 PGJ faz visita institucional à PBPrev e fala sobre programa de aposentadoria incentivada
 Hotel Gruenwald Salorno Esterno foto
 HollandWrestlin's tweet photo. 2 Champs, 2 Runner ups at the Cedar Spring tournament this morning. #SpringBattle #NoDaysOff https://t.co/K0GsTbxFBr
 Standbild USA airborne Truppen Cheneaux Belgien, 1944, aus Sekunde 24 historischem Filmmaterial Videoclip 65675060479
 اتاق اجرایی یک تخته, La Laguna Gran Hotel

--

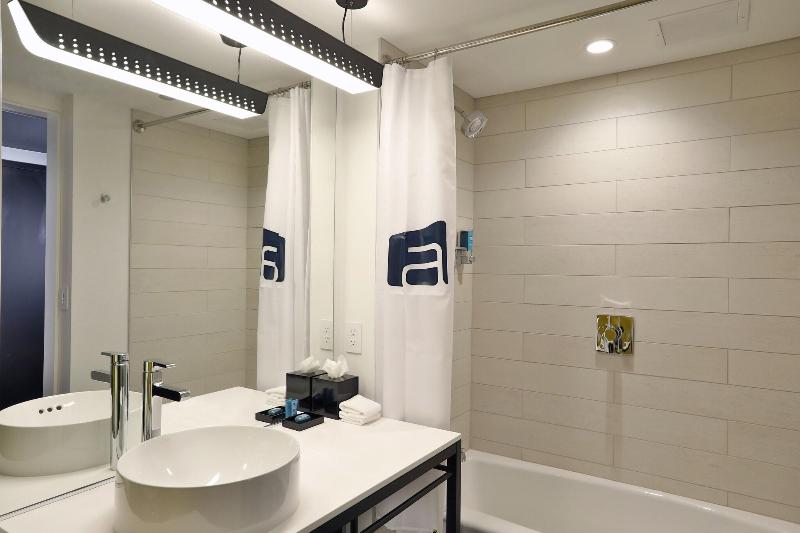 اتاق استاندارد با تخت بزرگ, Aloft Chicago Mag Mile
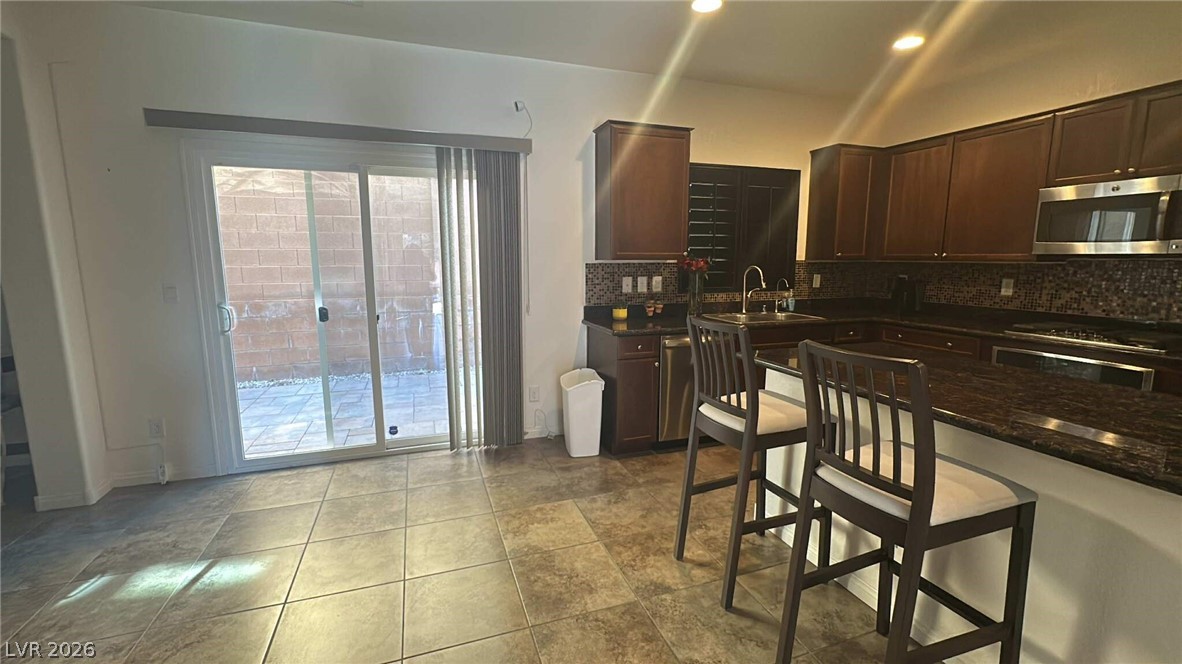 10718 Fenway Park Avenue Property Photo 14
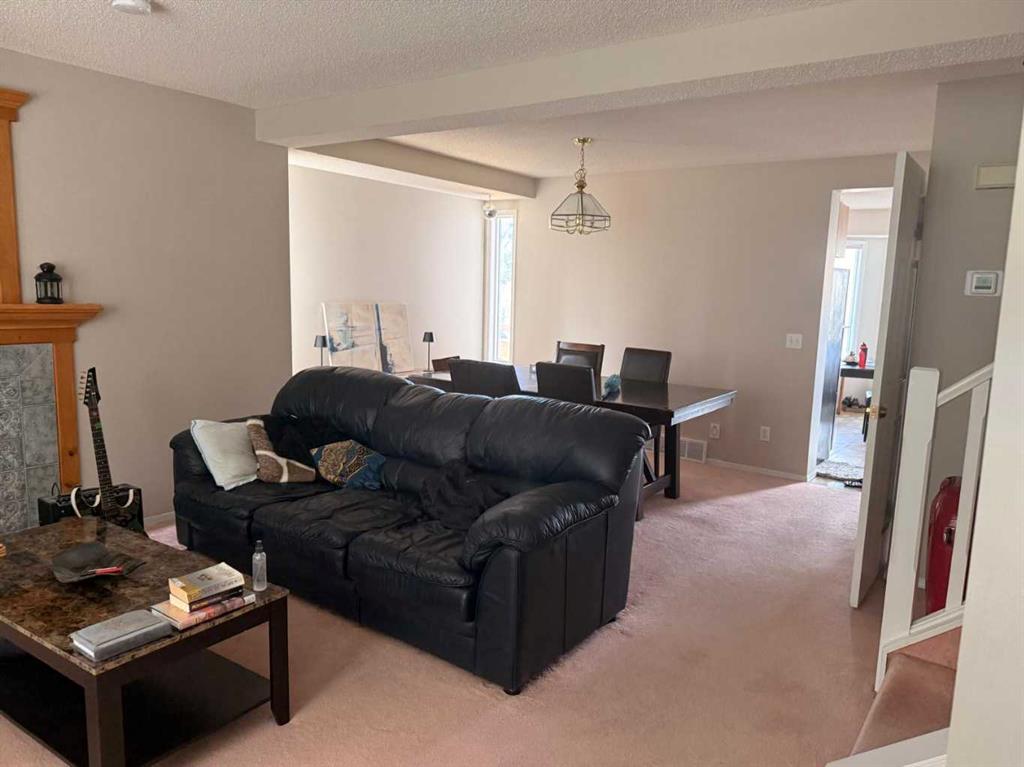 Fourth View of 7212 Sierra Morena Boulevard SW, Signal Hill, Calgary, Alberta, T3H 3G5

#### [What needs to be done]
Take the records above and return, word for word, only the lines that fall from the line with "HollandWrestlin's tweet photo." to the line with "اتاق اجرایی یک تخته, La Laguna Gran Hotel", both of them included.

#### [Solution for this problem]
 HollandWrestlin's tweet photo. 2 Champs, 2 Runner ups at the Cedar Spring tournament this morning. #SpringBattle #NoDaysOff https://t.co/K0GsTbxFBr
 Standbild USA airborne Truppen Cheneaux Belgien, 1944, aus Sekunde 24 historischem Filmmaterial Videoclip 65675060479
 اتاق اجرایی یک تخته, La Laguna Gran Hotel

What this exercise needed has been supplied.